Stoner by John Williams
A campus novel about the life of an unremarkable man.
Finished: 4 October 2021
Rating: ★★★★☆
How long a life is too long,
as I take my time from here to there, the one world
dried-out distances, nose, horn, my great head lifted down,
the tonnage of my heart almost more than I can carry.
— Stanley Plumly, “White Rhino”
So often we read to escape, and sometimes this escape can be a good thing where it allows us to dream and live beyond ourselves in the hope that the beyond might someday arrive. But that someday never comes for the eponymous William Stoner, and this is the brutal truth for most of us. Death lays claim to our lives before we do. But where some might see Stoner as heroic, including the author himself, I am of a different mind.

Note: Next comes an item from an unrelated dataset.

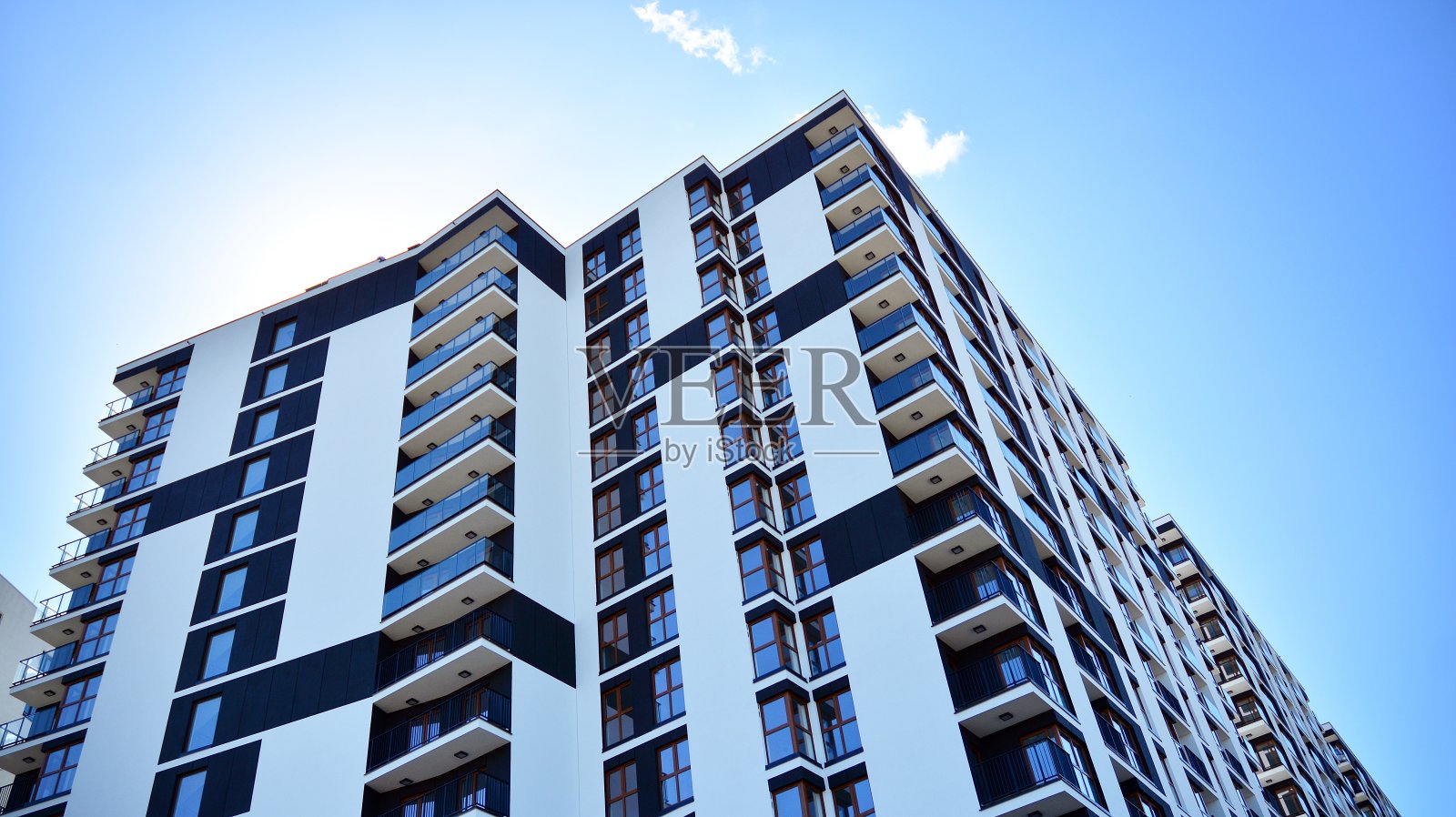 现代和新的公寓大楼。多层现代,新的和时尚的居住大楼的公寓。照片摄影图片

Stoner finds small joys where he can, but life still disappoints. Things happen to him and he looks upon them with mild surprise. Intensely lonely, he moves as through a fog, fumbling towards dim desires. Though he comes from a line of farmers, he falls in love with literature at college and becomes an academic. And while it is admirable the way in which he sticks to his principles and, bullishly, puts his head down and gets on with it, he is ultimately battered by life’s tides, resigned to a Stoic endurance that lacks in the agency that that kind of Stoicism should bring. Yes, he battles almost heroically with a colleague who wants to ruin him, and yes, he embarks on an affair in which he learns love and intimacy for the first time. John Williams himself considered Stoner “a real hero” who “had a very good life … a better life than most people do, certainly. He was doing what he wanted to do, he had some feeling for what he was doing, he had some sense of the importance of the job he was doing … The important thing in the novel to me is Stoner’s sense of a job … a job in the good and honourable sense of the word. His job gave him a particular kind of identity and made him what he was.”

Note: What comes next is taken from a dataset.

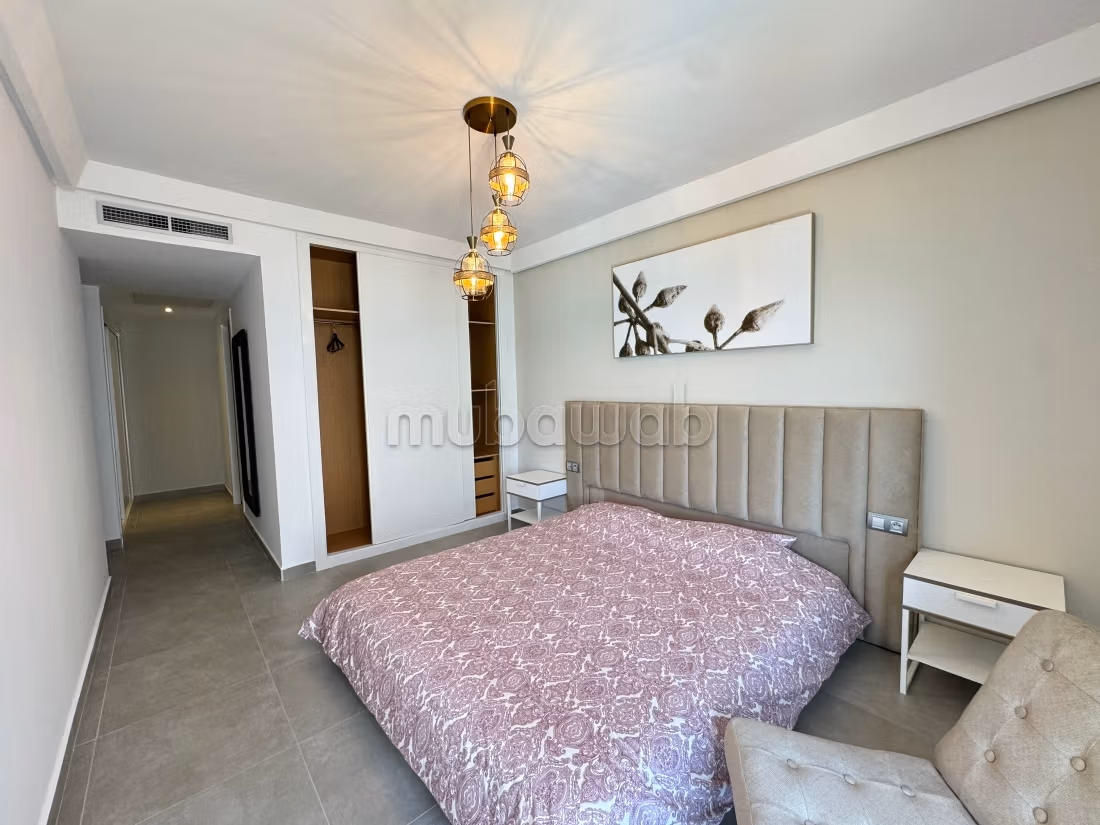 Luxe appartement meublé à louer avec vue sur mer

I think that’s true to an extent. The beauty and emotion of this novel is that Stoner’s despair is our own. Stoner’s life is the epitome of Thoreau’s “quiet desperation”. He seeks what we all desire: fulfilment, love, companionship. He misses the mark on most of those things but he seizes upon and fights for an occupation that matters to him. Many people don’t manage to find any purpose in their work. Stoner also has moments of joy, however fleeting, and he recognises them for what they are. In those moments, he is heroic. The world is indifferent to us, and he tries to eke out of this indifference a life he might look upon with something like pride. Many aren’t even aware enough to realise what their lives are, to direct what their lives might be.
But Stoner’s failure — and this is what I find tragic — is that he isn’t quite bold enough to fight for his daughter, Grace. He retreats into his career as a final defence against his wife, Edith, as a place to which he can escape. And it’s wonderful that he finds such fulfilment in his work, but to do so at the cost of another person’s life doesn’t sit well. It is, in large part, his lack of intervention with Edith’s manipulations that leads Grace to take extreme measures to escape not only the family but also herself. Like a domino effect, other lives are ruined. This isn’t primarily a question of cause or blame, but rather of responsibility. Stoner simply isn’t in sufficient possession of himself to take the reins. He is passive.

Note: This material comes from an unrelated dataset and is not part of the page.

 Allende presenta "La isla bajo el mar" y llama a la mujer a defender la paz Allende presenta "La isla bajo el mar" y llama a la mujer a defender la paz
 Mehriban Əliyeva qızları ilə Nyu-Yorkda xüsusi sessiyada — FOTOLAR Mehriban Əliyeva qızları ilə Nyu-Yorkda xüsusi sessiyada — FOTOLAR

There’s a remarkable passage when Stoner realises that his daughter is an alcoholic: “And Stoner came to realize that she was, as she had said, almost happy with her despair; she would live her days out quietly, drinking a little more, year by year, numbing herself against the nothingness her life had become. He was glad she had that, at least; he was grateful that she could drink.” Once, when Grace was a child, she and Stoner had camaraderie and connection. When Edith took this away, Stoner fled emotionally. He admitted defeat and withdrew from Grace. And, near the end of his life, he realises he has nothing to say to Grace. Would a hero not rise to that? Why is the academic battle he ‘wins’ supposed to be so much more good and honourable and worthwhile than the battle in which he loses his daughter, and she loses herself?
While many have lives far worse than Stoner’s, I can’t call him “a real hero”. If anything, he is a perfect illustration of how we adapt to the confines of our perceived lives and resign ourselves to living within those borders. Sure, that’s reality, and we shouldn’t live in deception. And how we could we expect to know any better, to be any more self-aware than Stoner? But how devastating it is not to be. If this is our modern day image of the hero — an image that we’re not meant to reach but is something to aspire to — then that saddens me.
So rather than read Stoner as a heroic tale, I see it as cautionary. It is still deeply empathetic — it holds a mirror to ourselves and shows us ways to survive that are, simultaneously, also ways not to live. For that, I think it’s brilliant.